What the task requires =>
All that is wanted is the exact lines from the one with "Panwaslih Terima 5" through the last line of the entries, with both ends kept and every picture left out.

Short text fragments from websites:

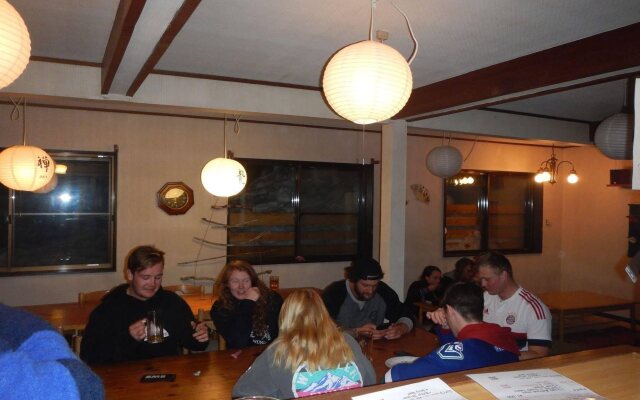 Hakuba Snowdrift Lodge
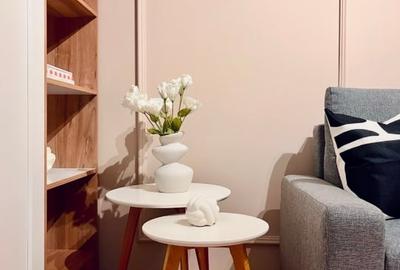 Apartament cu 2 camere semidecomandat, mobilat în Cișmigiu - 9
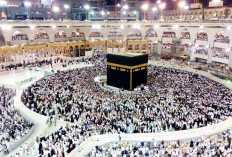 Waduh! Arab Saudi Tangguhkan Visa 14 Negara Jelang Haji, Indonesia Juga Kena! Apa Alasannya?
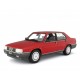 Alfa Romeo Alfa 90 2.5 Iniezione Quadrifoglio Oro 1985 modrá, Laudoracing-Model 1:18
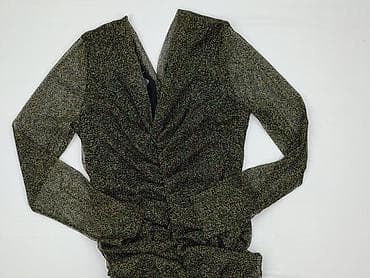 chicaca sukienka cekiny: Sukienka damska, rozmiar S — 1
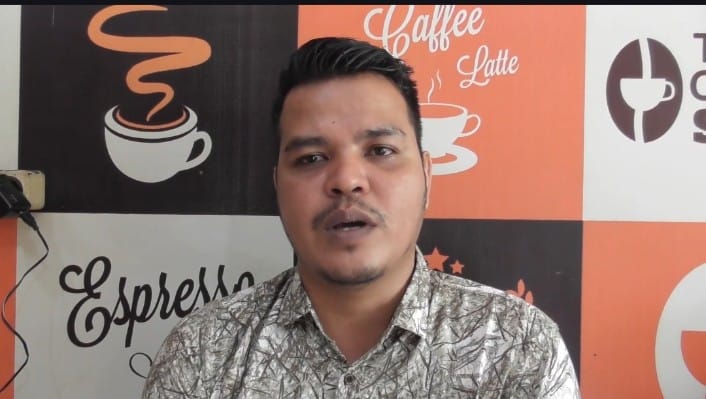 Panwaslih Terima 5 Laporan Terkait Dengan Silaturahmi Dinas Pendidikan Dihadiri Salah Satu Cawabup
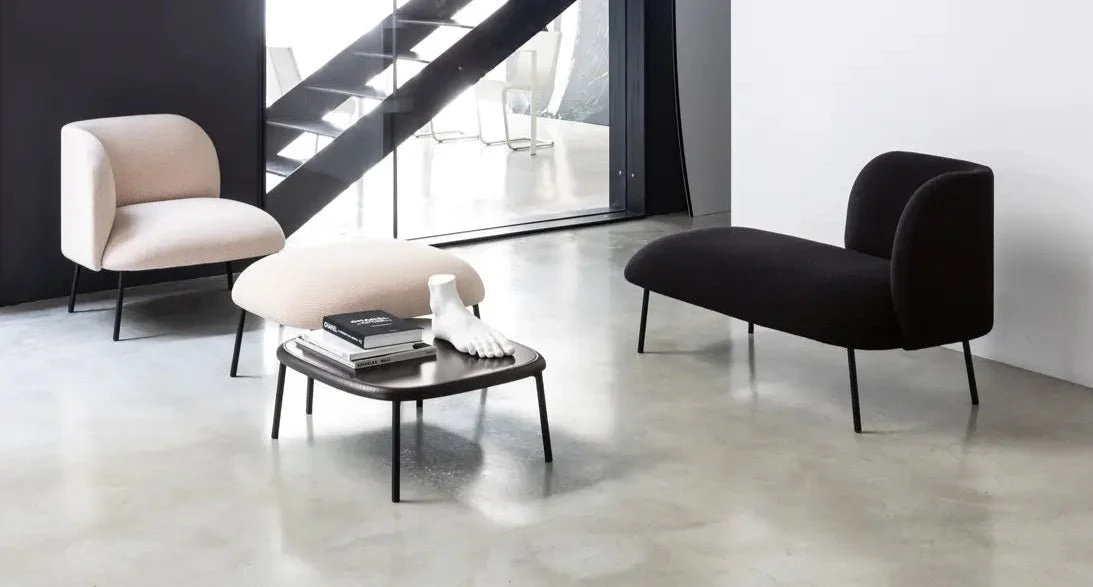 Sit Ottoman by Bross - Image 4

Expected answer =>
 Panwaslih Terima 5 Laporan Terkait Dengan Silaturahmi Dinas Pendidikan Dihadiri Salah Satu Cawabup
 Sit Ottoman by Bross - Image 4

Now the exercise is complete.